Process Snapshots

PyDbg comes stocked with a very cool feature called process snapshotting. Using process snapshotting you are able to freeze a process, obtain all of its memory, and resume the process. At any later point you can revert the process to the point where the snapshot was taken. This can be quite handy when reverse engineering a binary or analyzing a crash.

Obtaining Process Snapshots

Our first step is to get an accurate picture of what the target process was up to at a precise moment. In order for the picture to be accurate, we need to first obtain all threads and their respective CPU contexts. As well, we need to obtain all of the process's memory pages and their contents. Once we have this information, it's just a matter of storing it for when we want to restore a snapshot.

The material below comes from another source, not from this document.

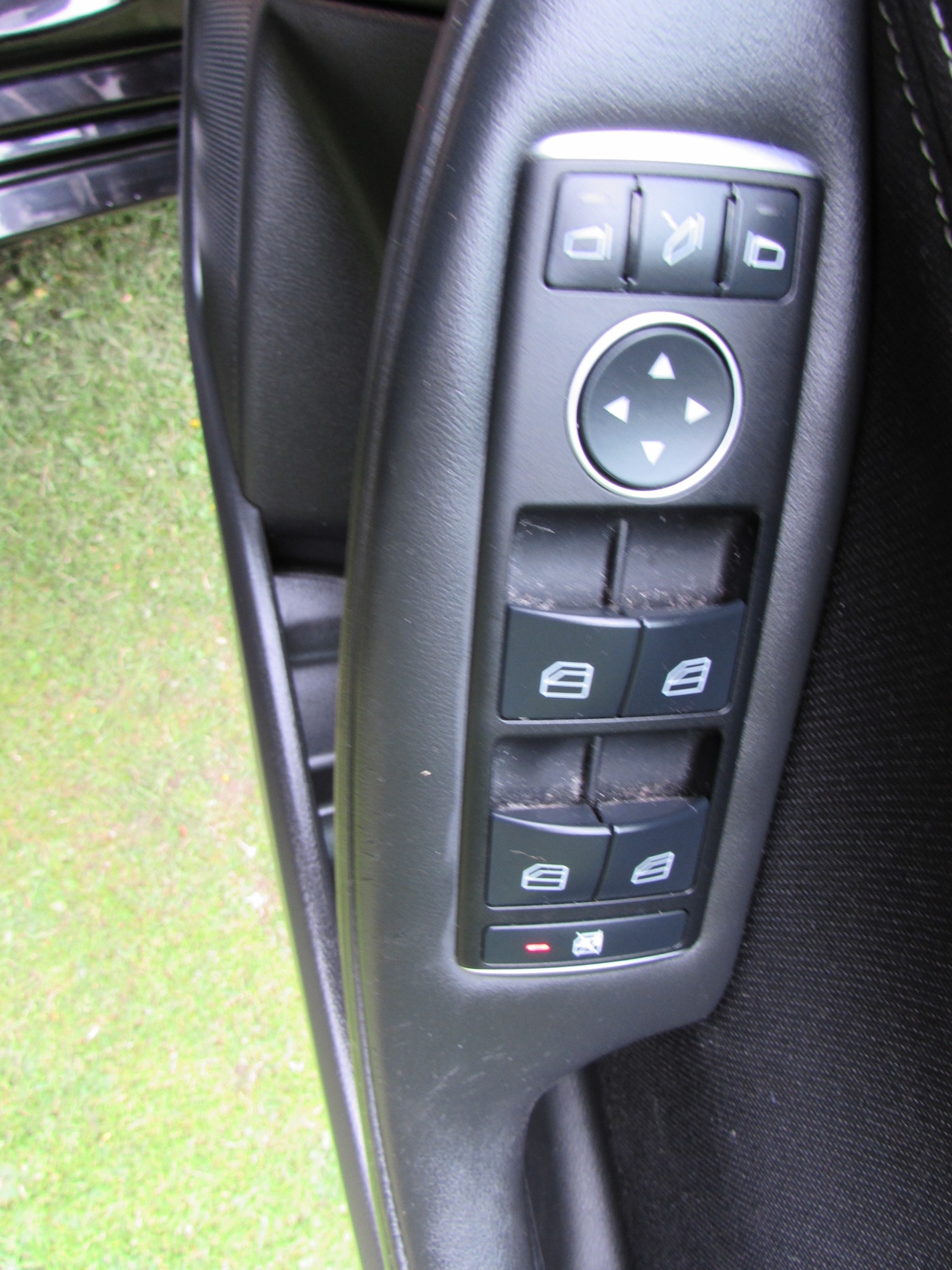 Vehicle 47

Before we can take the process snapshots, we have to suspend all threads of execution so that they don't change data or state while the snapshot is being taken. To suspend all threads in PyDbg, we use suspend_all_threads(), and to resume all the threads, we use the aptly named resume_all_threads(). Once we have suspended the threads, we simply make a call to process_snapshot(). This automatically fetches all of the contextual information about each thread and all memory at that precise moment. Once the snapshot is finished, we resume all of the threads. When we want to restore the process to the snapshot point, we suspend all of the threads, call process_restore(), and resume all of the threads. Once we resume the process, we should be back at our original snapshot point. Pretty neat, eh?

To try this out, let's use a simple example where we allow a user to hit a key to take a snapshot and hit a key again to restore the snapshot. Open a new Python file, call it snapshot.py, and enter the following code.

snapshot.py

  from pydbg  import *
  from pydbg.defines import *

  import threading
  import time
  import sys

  class snapshotter(object):

      def __init__(self,exe_path):

          self.exe_path     = exe_path
          self.pid          = None
          self.dbg          = None
          self.running      = True

          # Start the debugger thread, and loop until it sets the PID
          # of our target process
          pydbg_thread = threading.Thread(target=self.start_debugger)
          pydbg_thread.setDaemon(0)
          pydbg_thread.start()

          while self.pid == None:
              time.sleep(1)

         # We now have a PID and the target is running; let's get a
          # second thread running to do the snapshots
          monitor_thread = threading.Thread(target=self.monitor_debugger)
          monitor_thread.setDaemon(0)
          monitor_thread.start()

     def monitor_debugger(self):

          while self.running == True:

              input = raw_input("Enter: 'snap','restore' or 'quit'")
              input = input.lower().strip()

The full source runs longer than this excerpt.